The Novaworks support team frequently receives queries about images missing from SEC test filings or text being incorrectly positioned in areas such as prospectus cover pages when a submission is sent with the “return copy” option enabled, so we've provided a quick lesson on what the return copy is and how to use it.
Monday, October 12. 2015
Sometimes when a caller is asking about a return copy, they are alarmed. A filer may feel data is being dropped by the SEC or GoFiler. Put quite simply, the data supplied when retrieving return copy from the SEC is not simple HTML. However, most internet browsers will attempt to display the data and succeed to a degree, which causes confusion for filers. When the browser attempts to display the return copy, they assume that it is an exact copy of the submission. In fact, a return copy is not an exact copy and it is not meant to be one either.
A brief discussion of EDGAR will go a long way in helping understand the purpose of the return copy feature and what exactly a “return copy” is.

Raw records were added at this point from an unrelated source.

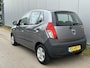 Hyundai i10 1.1 Active Cool AIRCO, lage km's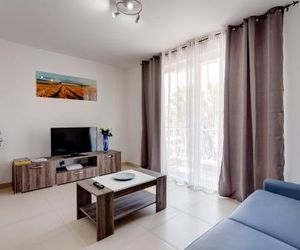 Centric and Modern Apartment close to Amenities Gzira Republic of Malta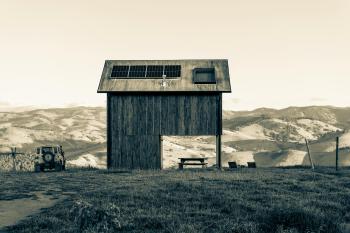 Fondo de Pantalla de pexels_28664806.jpg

EDGAR filings are important. Some may be routine compliance such as a basic Section 16 transaction. Others could be critical like a pricing amendment that is filed as a company is getting ready to sell new securities. Early in the development of EDGAR (circa 1993), there was a basic fear that the data being filed would not be received and subsequently disseminated accurately. The system from 1933 to 1993 was paper. The EDGAR System was new; in fact, computers were still relatively new.
To ease the anxiety of filing electronically, the return copy function was added to EDGAR. This allowed filers to get a last look at the data they were transmitting and provided a level of comfort that the data was accurately received by EDGAR.

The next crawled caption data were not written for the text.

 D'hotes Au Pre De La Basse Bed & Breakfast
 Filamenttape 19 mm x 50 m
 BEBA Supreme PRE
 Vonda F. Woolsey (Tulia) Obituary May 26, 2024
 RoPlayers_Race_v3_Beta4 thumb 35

Over the last 20 years, the EDGAR System has been remarkably reliable. And while less relied upon, return copy is still used by some people as that last check before pulling the trigger and filing live. It also is still a great check to ensure that the data being received by EDGAR is accurate.
Quite recently, the rock solid nature of the EDGAR System was shaken during a system update where image data and image files were being corrupted after a filing was accepted and prior to posting return copy or being disseminated to the public. The bug was clearly illustrated using the return copy feature. The importance of return copy remains to this day.

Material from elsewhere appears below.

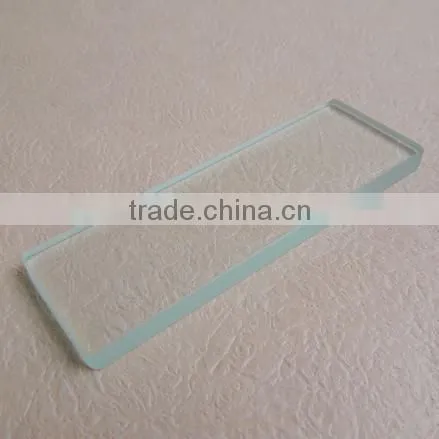 Heat-resisting Glass Plate photo-2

When return copy was first developed, the EDGAR System only processed ASCII (typewriter style) filings. It was easy to open the return copy data in a text file to check everything. In later versions of the EDGAR System, the ability to submit complex data such as HTML, PDF, and images was added. A method of returning that data in a single file was still needed. The solution was to add simple dividers to the return copy data and encode binary information in a manner that allows it to be transmitted as text. Encoding is common practice for data transfer and is even used during the EDGAR submission processes. The only problem with encoding the return copy this way is that some of the data can look like it is HTML, but it is not. Further, while the return copy format relies on some standard practices, the overall format is not standard nor is it widely recognized.
“Return copy” is also a bit of a misnomer. The data is not actually returned to the filer but rather made available for download on the secure company side of the EDGAR website.
Understanding the Return Copy Format
Let’s take a look at a test filing. It has an HTML document and a single image and views in the browser as follows:
As mentioned above, return copy is a simple but non-standard format. As you can see, the format contains dividers marking each EDGAR document. These dividers are shown in blue:
Note that the return copy format contains no additional information, no check codes, no EDGAR filing data. And if a submission is suspended or truncated, it will only contain part of the filed data.
For those of you who know HTML, it is clear that document “1” contains HTML code with an image reference. But where is the image? It is in document “2” as encoded data because its native format is binary. Those lines of random characters and text are the image; it’s simply been encoded so that the image file can be displayed inside of a text-only file.
The Common Mistake
It is easy to just drop the .rc file into a browser to view it. (You may have to change the file extension from .rc to .htm as shown in the address bar below.)
Notice the image (red highlighting added for illustrative purposes) does not appear and the divider information is added. To add to the confusion, a common practice of placing the downloaded return copy in the same folder as the original submission will cause the original image file to be available to the browser and subsequently appear as illustrated below:
The image links appear to work! But if you look at the rest of the return copy, the actual image data that was submitted is encoded and the browser has no idea was to do with it, so it just displays it as HTML text and relies on the unsubmitted copy of the image for display.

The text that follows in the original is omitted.